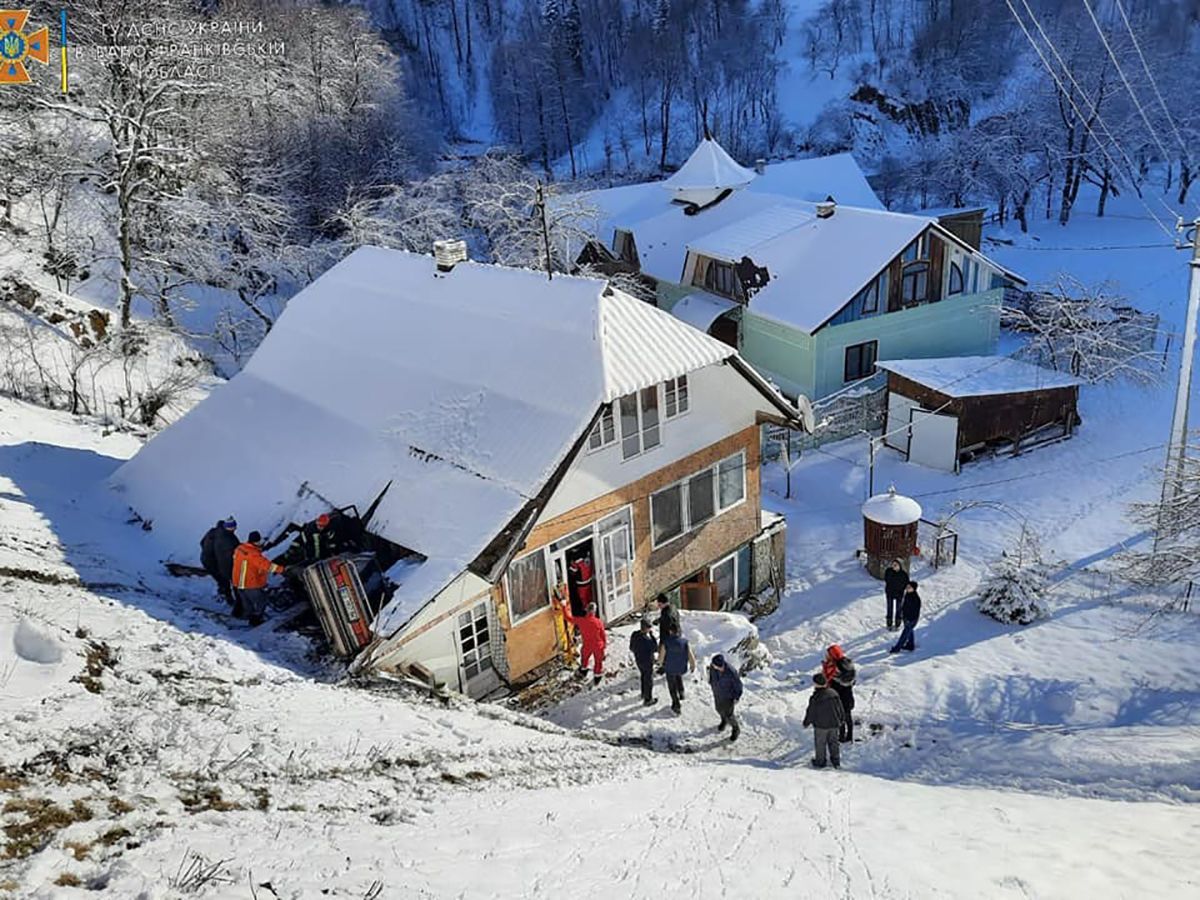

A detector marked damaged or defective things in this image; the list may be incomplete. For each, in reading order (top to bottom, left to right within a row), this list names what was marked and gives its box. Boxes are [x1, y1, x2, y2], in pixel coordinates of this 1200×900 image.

broken roof section [662, 136, 753, 207]
broken roof section [110, 248, 748, 633]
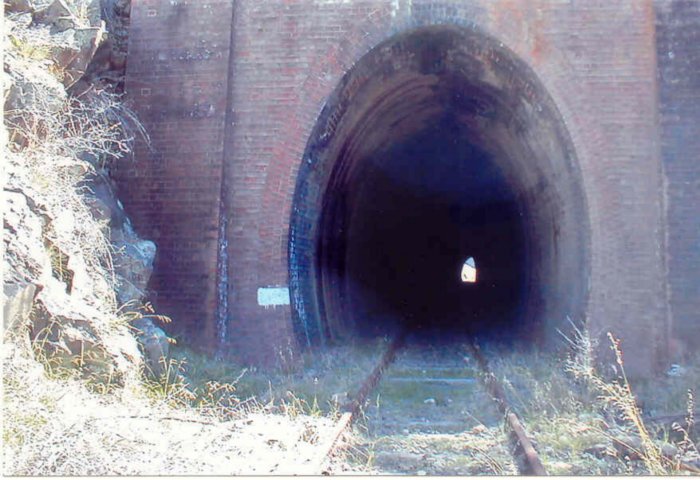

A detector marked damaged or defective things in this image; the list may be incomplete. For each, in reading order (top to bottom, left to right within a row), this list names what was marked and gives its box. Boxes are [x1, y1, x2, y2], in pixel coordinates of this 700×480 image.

rusty rail [468, 342, 548, 476]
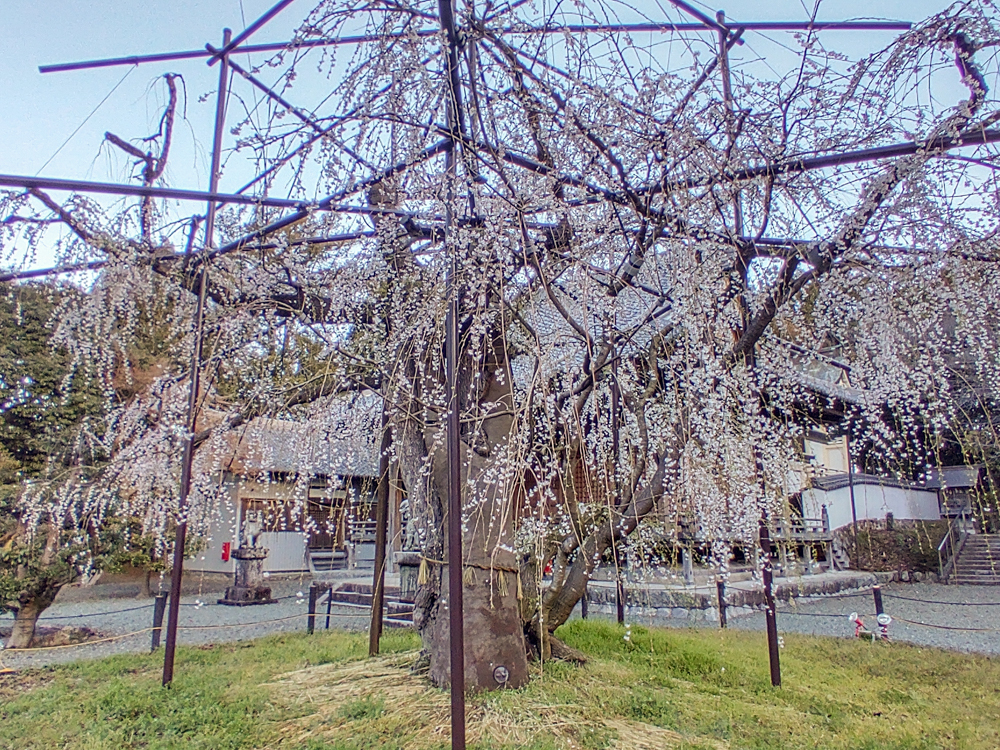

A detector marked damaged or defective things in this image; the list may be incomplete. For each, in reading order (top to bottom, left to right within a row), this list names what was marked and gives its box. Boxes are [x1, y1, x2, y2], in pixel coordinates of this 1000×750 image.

rusty steel pipe frame [162, 27, 232, 688]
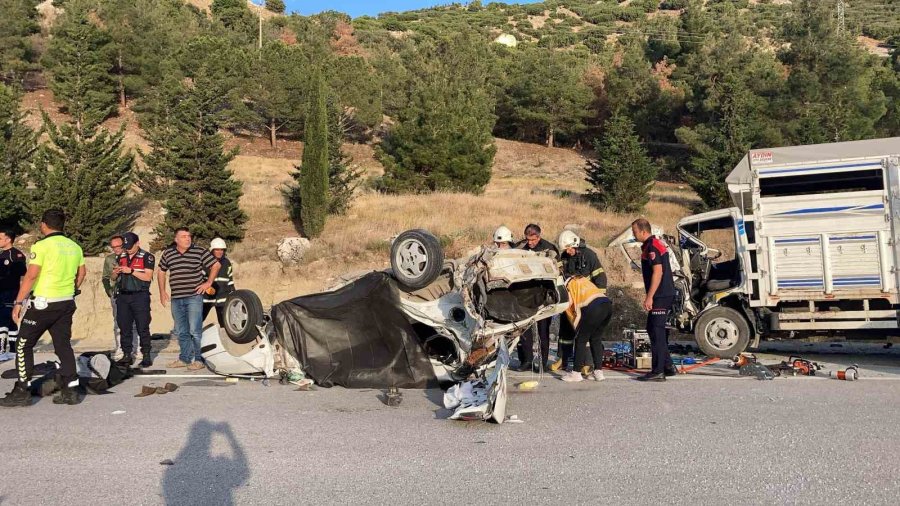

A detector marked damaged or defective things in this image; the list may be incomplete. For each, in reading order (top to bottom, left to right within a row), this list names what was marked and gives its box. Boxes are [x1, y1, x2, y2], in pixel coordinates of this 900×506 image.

overturned white car [200, 231, 568, 422]
shattered car body [204, 233, 568, 422]
damaged truck front [620, 138, 900, 358]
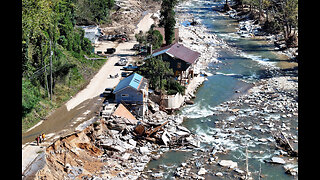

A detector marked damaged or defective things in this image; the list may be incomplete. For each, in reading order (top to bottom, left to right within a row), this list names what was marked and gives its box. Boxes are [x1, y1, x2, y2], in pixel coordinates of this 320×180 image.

damaged house [113, 73, 148, 118]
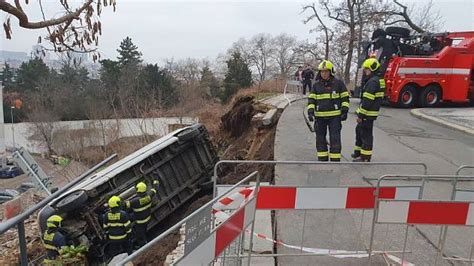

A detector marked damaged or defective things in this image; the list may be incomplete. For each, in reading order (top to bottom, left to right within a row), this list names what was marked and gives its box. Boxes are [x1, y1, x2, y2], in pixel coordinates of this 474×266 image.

overturned vehicle [37, 124, 218, 260]
landslide damage [0, 94, 280, 264]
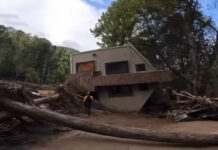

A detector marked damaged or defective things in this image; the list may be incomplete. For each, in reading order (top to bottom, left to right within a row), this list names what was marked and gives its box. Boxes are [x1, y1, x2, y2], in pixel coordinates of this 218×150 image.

damaged house [67, 42, 173, 112]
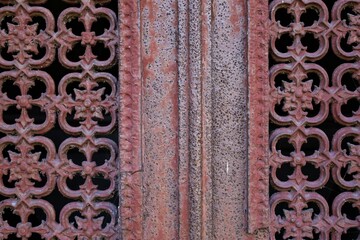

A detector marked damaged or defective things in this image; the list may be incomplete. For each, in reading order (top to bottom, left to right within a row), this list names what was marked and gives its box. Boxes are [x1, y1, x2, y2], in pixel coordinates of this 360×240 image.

rusted metal surface [0, 0, 119, 238]
rusted metal surface [268, 0, 358, 239]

....

*TASK DIRECTIONS:* Reproduce exactly the lines from the one containing "this 360×240 image." through the last line of the records, both included, and nothing else.

*ANSWER SPACE:*
A detector marked damaged or defective things in this image; the list may be incomplete. For each, in reading order (top to bottom, left to right within a row), this list names what was marked and gives its box. Boxes are [x1, y1, x2, y2], in pixel coordinates of this 360×240 image.

rusted metal surface [0, 0, 119, 238]
rusted metal surface [268, 0, 358, 239]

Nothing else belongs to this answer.